Note: sCloud requires that the geometry being textured is a sphere. The sphere(s) may be transformed in any way, but the actual component(s) must be a sphere. Any other geometry will give unreliable and unpredictable results.

sFractal

sFractal is a solid fractal texture that returns a scalar value.

Argument Name	Absolute Range	Useful Range	Default	Description
threshold	0, 1	0, 1	0.0	Additive threshold
xripples	0, infinity	0, 100	1.0	Fundamental frequencies for noise function
yripples	0, infinity	0, 100	1.0	" " " "
zripples	0, infinity	0, 100	1.0	" " " "
level_min	0, infinity	0, 50	0.0	Minimum allowed level of iteration
level_max	0, infinity	0, 50	20.0	Maximum allowed level of iteration
amplitude	-infinity, infinity	0, 1	1.0	Scaling factor for noise before clipping
xripples	0, infinity	0, 100	1.0	Fundamental frequencies for noise function
yripples	0, infinity	0, 100	1.0	" "
zripples	0, infinity	0, 100	1.0	" "
level_min	0, infinity	0, 50	0.0	Minimum allowed level of iteration
level_max	0, infinity	0, 50	20.0	Maximum allowed level of iteration
ratio	0, 1	0, 1	0.707	Ratio for fractal noise
transformation_name			no default.

"sFractal" is a solid texture.

sRock

sRock is a simulation of particles suspended in a medium. "grain_size" represents the particle size. "diffusion" controls the amount of mixing between the particles and the medium. A diffusion of 0 will result in a sharp boundary between the particles and the medium. A diffusion of 1.0 will result in a complete blending. The variable "mix_ratio" controls the proportion of particles to medium. If it is 1.0, the color is entirely color1; if it is 0, the color is entirely color2. If sRock is applied as a bump map, then "mix_ratio" of 0.5 will result in even pits and bumps. If it is greater than 0.5, the surface will have discrete bumps. If it is less than 0.5, the surface will have discrete pits (depending on the parameterization of the surface).

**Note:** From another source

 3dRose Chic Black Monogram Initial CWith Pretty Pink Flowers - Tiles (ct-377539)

If the surface is far enough from the eye that the grains become smaller than pixel resolution, the blur effect will cause the texture to become a single color. This is fine for color mapping, and helps to avoid aliasing problems. However, if sRock is applied as a bump map, the surface will appear to become smooth at large distances. A possible solution is to use an eccentric Blinn shader, which mimics the microfacets of the bump map. If you want a video snow effect, set the blur to 0.001 and the grain_size to 0.0001.

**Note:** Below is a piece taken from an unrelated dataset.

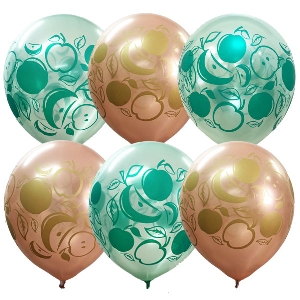 MP 12/30см Перламутр (шелк) 4 ст. рис Яблочки 25шт шар латекс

"sRock" is a solid texture.

Argument Name	Absolute Range	Useful Range	Default	Description
colour1 (triple)	0, infinity	0, 255	255,255,255	First color
colour2 (triple)	0, infinity	0, 255	60,0,0	Second color
contrast	0-1	0-1	1.0	Controls contrast between two colors
grain_size	0, infinity	0-0.1	0.01	Particle size
diffusion	0, infinity	0-1	1.0	Controls amount of mixing between particles and the medium
mix_ratio	0-1	0-1	1.0	Controls the proportion of particles to medium
transformation_name			no default.

sMarble

Argument Name	Absolute Range	Useful Range	Default	Description
amplitude	-infinity, infinity	0, 10	1.5	Amplitude of noise function
contrast	-1, 1	-1, 1	0.5	Contrast at boundary between vein and filler
diffusion	0, infinity	0, 10	0.5	Degree of vein diffusion into filler material
vein_width	0, 1	0, 1	0.1	Thickness of vein material
filler_color (triple)	0, infinity	0, 255	255,255,255	Color of filler material
vein_color (triple)	0, infinity	0, 255	76, 0, 0	Color of filler material
xripples	0, infinity	0, 100	1.0	Fundamental frequencies for noise function
yripples	0, infinity	0, 100	1.0	" "
zripples	0, infinity	0, 100	1.0	" "
level_min	0, infinity	0, 50	0.0	Minimum allowed level of iteration
level_max	0, infinity	0, 50	20.0	Maximum allowed level of iteration
ratio	0, 1	0, 1	0.707	Ratio for fractal noise
transformation_name			no default.

"sMarble" is a solid texture.

Snow

The "Snow" texture varies the surface color based on the orientation of the surface. With the default settings, the snow color will appear on the top of the object and the surface color will appear on the bottom. The rate at which the snow color blends into the surface color is determined by the "depth_decay" parameter. The threshold determines the maximum slope that will hold snow. (Thicker snow is more opaque). The direction of the snow (determined by wind in the real world) may be set by rotating the texture placement icon, or in sdl by setting the "vector" parameter.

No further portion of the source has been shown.